OLa madre de María Luisa Segoviano (Valladolid, 1950) estudió Derecho cuando solo se contaban «dos o tres mujeres en su aula» y aprendió de ella y de su padre que no cabía distinción entre hijas e hijos. Segoviano, la primera jueza en dirigir una Sala del Supremo y feliz hoy de seguir explorando en el TC el «enriquecedor» ecosistema de las leyes, ríe al rememorar la charla de ascensor que cazó una amiga suya a los protagonistas de un pleito recién iniciada la carrera: «No entendían cómo podía haberme metido yo en esto, estando mejor en una boutique».
«Hay que irradiar la igualdad. Todo lo que se visibilice tiene sus efectos», se felicita ante el espaldarazo de Perelló, «una magnífica magistrada». Segoviano siempre ha ejercido persuadida de la posibilidad de «interpretar» las leyes, sin forzar el Derecho, para sortear el «sesgo discriminatorio» que algunas arrastran. Y aunque admite haber escuchado «impertinencias» sobre su apariencia, casi transgresora en la grisura de togas y tribunales, aconseja «poner color en la vida».
OCuando Manuela Carmena (Madrid, 1944) estrenó destino judicial en Canarias, alguien le instruyó con que «la costumbre» era agasajar con unos puros a las autoridades –hombres– locales. Ella llevó unos bombones. Aunque peor había sido escuchar, tiempo antes, si no le daba «vergüenza actuar como abogada estando embarazadísima». Cobijada también por una familia con sentido de la igualdad, curtida en la resistencia antifranquista y superviviente de la matanza en el mítico bufete de Atocha, Carmena fue la primera decana de los juzgados de Madrid, la capital de la que acabaría siendo alcaldesa.

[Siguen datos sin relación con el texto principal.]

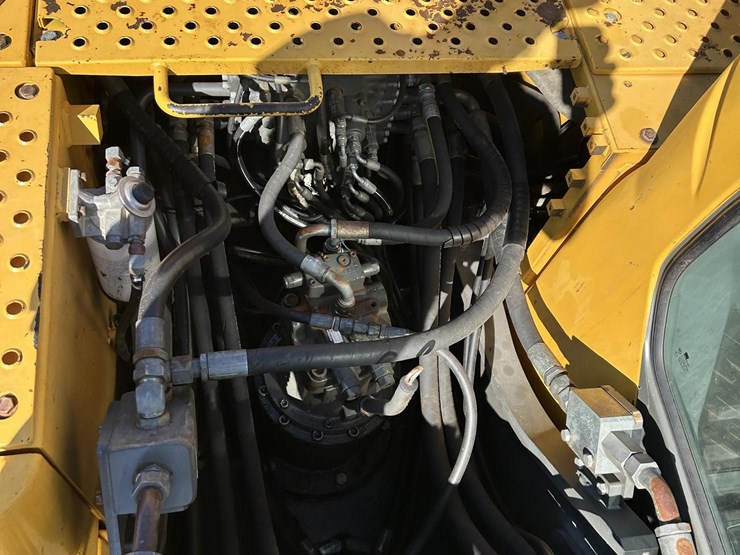 2004-volvo-ec210c-lc-image-74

«Tenía compañeras en la universidad que tenían intención de estudiar para no ejercer, solo para tener un nivel de conversación con sus maridos... A mí aquello me parecía un despilfarro social», mira la magistrada al retrovisor de su carrera. Carmena no cree que el Derecho sea una disciplina más masculinizada que otras. «Pero quizás –aventura– a las mujeres nos interesa menos el poder de gobierno; tenemos menos interés en promocionarnos o en mandar de una determinada manera».